For Sonja, one of the highlights of her job is the regular mahi she does with Zoo and other conservation colleagues out in the wild.

“Every year, I’m fortunate to lead population surveys of Aotearoa’s critically endangered Alborn skink down on the South Island’s West Coast as part of the support we give to our Department of Conservation (DOC) colleagues.

“This unique taonga species was only discovered in the 1990s, and when the Department of Conservation (DOC) first began its monitoring efforts in 2015, there were just seven individual animals. Fortunately, that number has been increasing.

“We use an approved scientific method called ‘mark-recapture’ to enable us to locate and briefly capture individuals to gather key scientific data. We record GPS of locations individuals are found, take weights, measurements, visual ID/photographs, and obtain tiny tissue samples (from the tail tip) for DNZ analysis. Through all of this, we’re creating an invaluable database and building on our knowledge of this species to help inform its ongoing conservation management. I love this detailed kind of work – which also makes you feel like you’re really contributing,” says Sonja.

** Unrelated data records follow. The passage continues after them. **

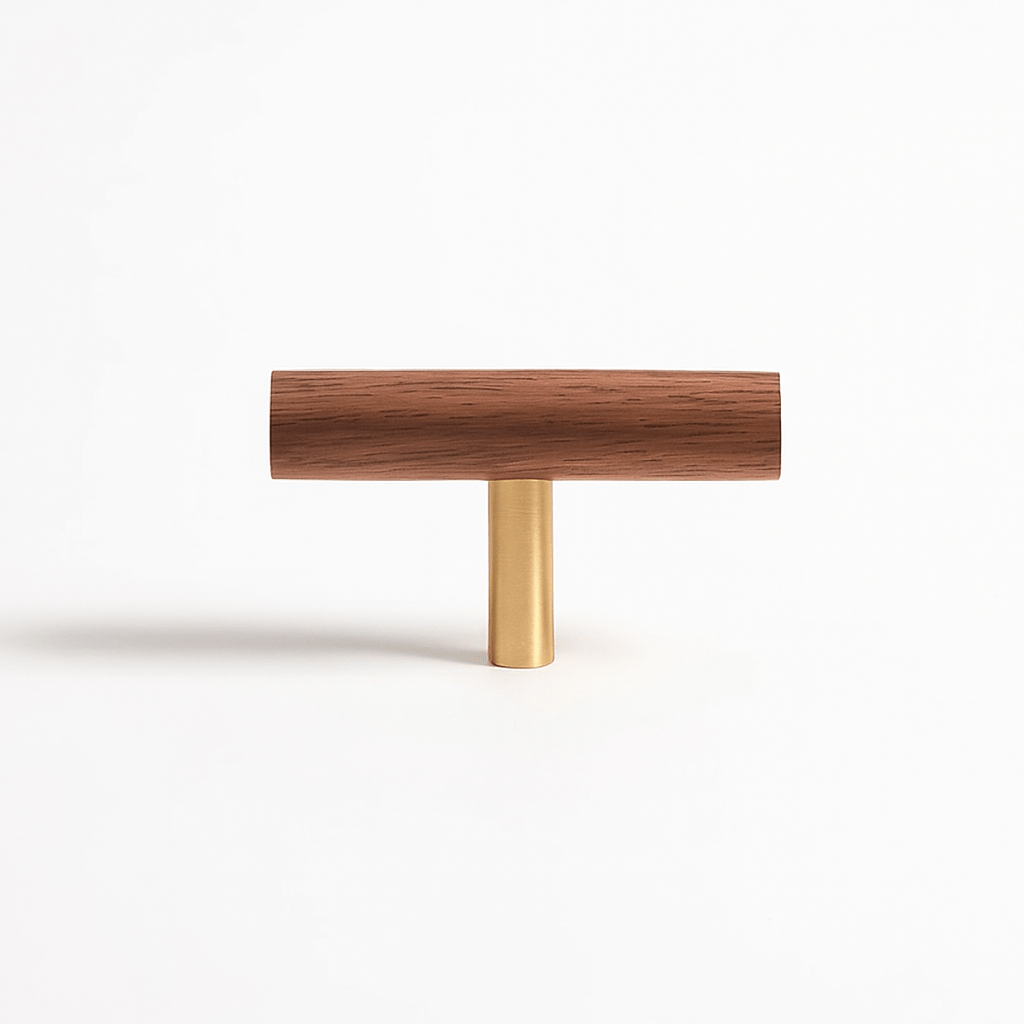 Cairo Knob And Pull Bar - Nuvé
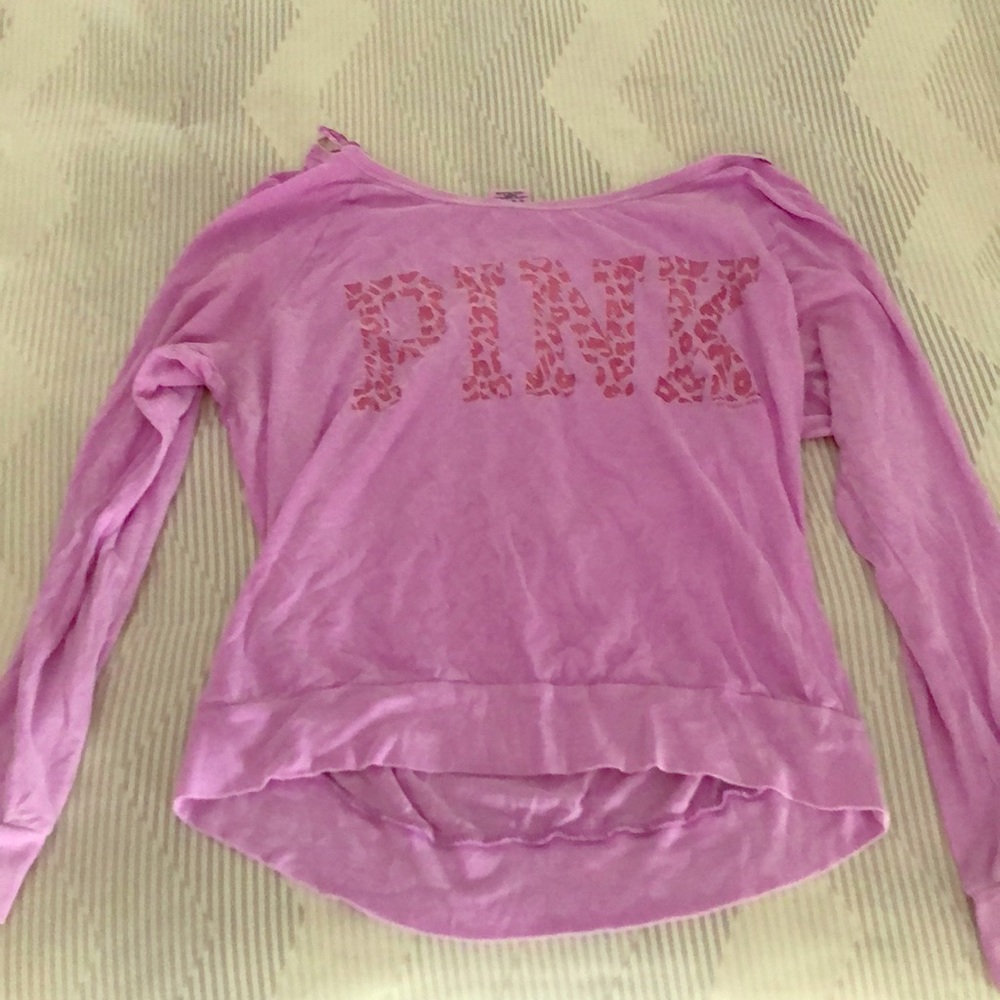 Victoria’s Secret long sleeve shirt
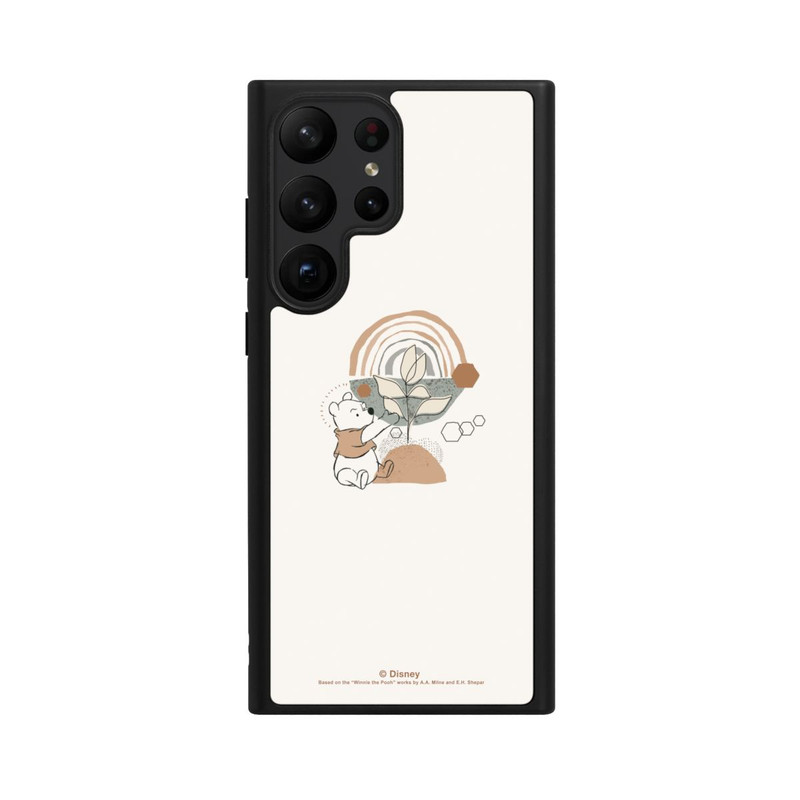 Galaxy S23 Ultra Base Case Winnie Puuh Natur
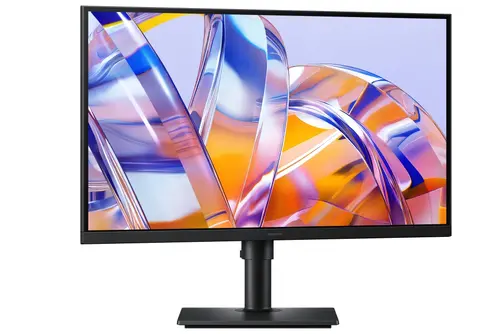 Οθόνη, Samsung 27" 27H800 IPS LED 3840x2160 60Hz 5ms USB-C Μαύρο - 4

When asked what advice she would give to other young girls and women interested in a career in science, Sonja (now aged 30) says “the most obvious path is not always the only path to get to where you want to go”!

“My advice is to use your initiative, work hard, focus on your goals, and don’t be intimated when you look around and don’t see anyone that looks like you, or who you can relate to. Get excited – because that means you can be the first and help pave the way for other women!”